Stay Ahead of the Automation Curve with an LMS
Change in the workplace could be the result of quite a few factors: updated company goals & strategies, the onboarding of new colleagues/leaders, or the need for more training. Most employees understand that in the modern workplace, technological change happens continually. But the rise of automation is a phenomenon that we should be paying attention to today.
Here are some recent stats about automation, courtesy of the Society for Human Resource Management (SHRM):
- Business leaders expect that 17 percent of work will be automated by 2020, according to the 2017 Global Future of Work Survey report from Willis Towers Watson. That’s up from about 9 percent of work that was being done using robotic and artificial intelligence last year and 5 percent three years ago.
- About half the company leaders surveyed said they will require fewer employees by 2020 because of automation, compared with just over a quarter who said that was the case in 2017.
- One of the more dire long-term forecasts says that over the next two decades, 47 percent of U.S. jobs could be lost to automation. The 2013 study by Oxford University researchers Carl Benedikt Frey and Michael Osborne concluded that China and India are expected to lose 77 percent and 69 percent of their jobs, respectively.

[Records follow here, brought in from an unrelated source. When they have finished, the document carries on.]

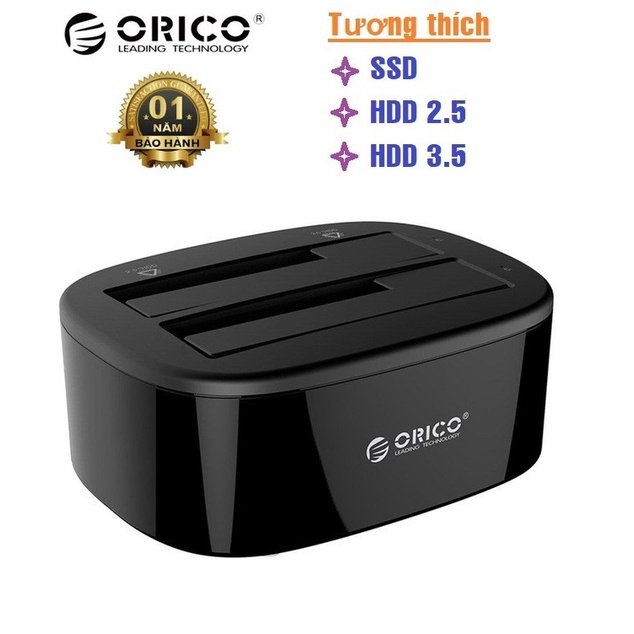 Đế Cắm Ổ Cứng Orico 6228US3 - DOCKING ORICO 6228US3 -C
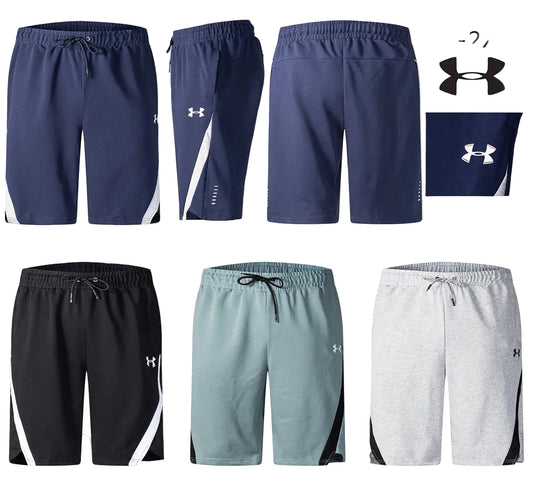 Short en coton (Under Armour) avec fermeture confortable (4 couleurs disponibles) MSSCUA01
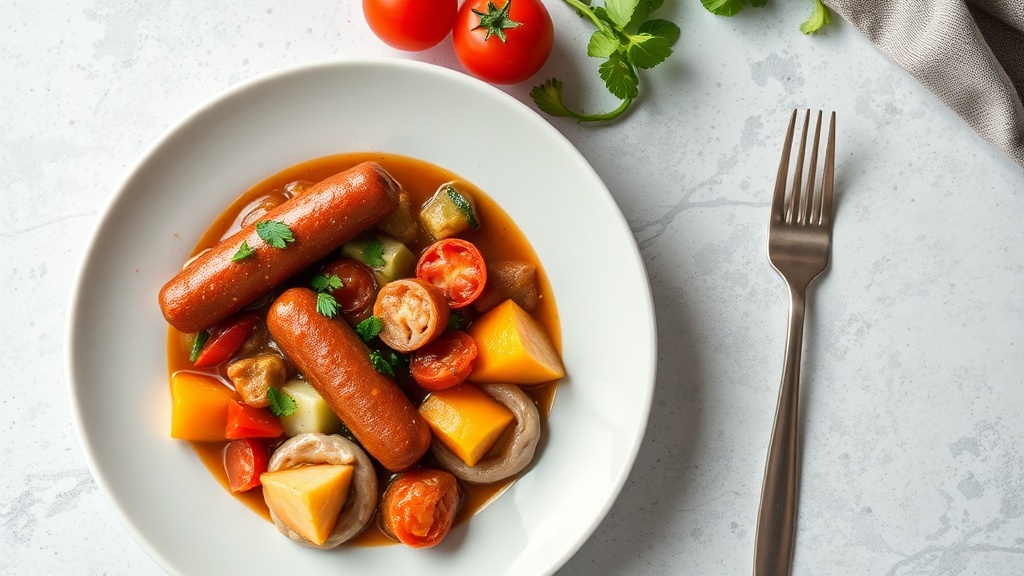 Kielbasa and Vegetable Stew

Making an effort to ease the transitions employees are likely to witness due to automation is crucial to getting an organization back on track and get its team players working productively and confidently. If you are considering an LMS to get your team on board, consider these tips for taking workers’ needs into account:
Preparation and Communication
Executives implementing any kind of divergence from a regular process (or a nonexistent process) should be able to communicate why there was a need for a change and also how it could potentially affect members of the company. Clear and honest discussions are encouraged so expectations are understood at the beginning of the process.
Input and Autonomy
A worker with autonomy during a difficult change is the most effective and open. To increase employee engagement, morale and motivation, giving your staff more discretion over how they can complete learnings within the LMS can be a useful tactic. They feel free to communicate their ideas and offer their own innovative solutions, which will benefit an organization in the long run. An employee who bears more responsibility and ownership of his or her work will work harder and smarter, investing more energy and interest in the responsibilities. This helps to solidify loyalty to an organization when the employee feels his or her contributions are heard, acknowledged and making a positive impact.
Acknowledgement of Effort
Rewards and accolades can help seal the deal! LMS usage, paired with positive feedback and reassurance that the change is relevant and helpful, can make new goals attainable for learners.
Finally, don’t forget to train your employees on the use of the LMS. Providing sufficient, ongoing training is critical for keeping your employees engaged — and for getting buy-in for future rollouts. Workers do not want to have to relearn their jobs each time you introduce a new technology, so provide customized training which allows them to implement the new solution into existing workflow with as little inconvenience as possible.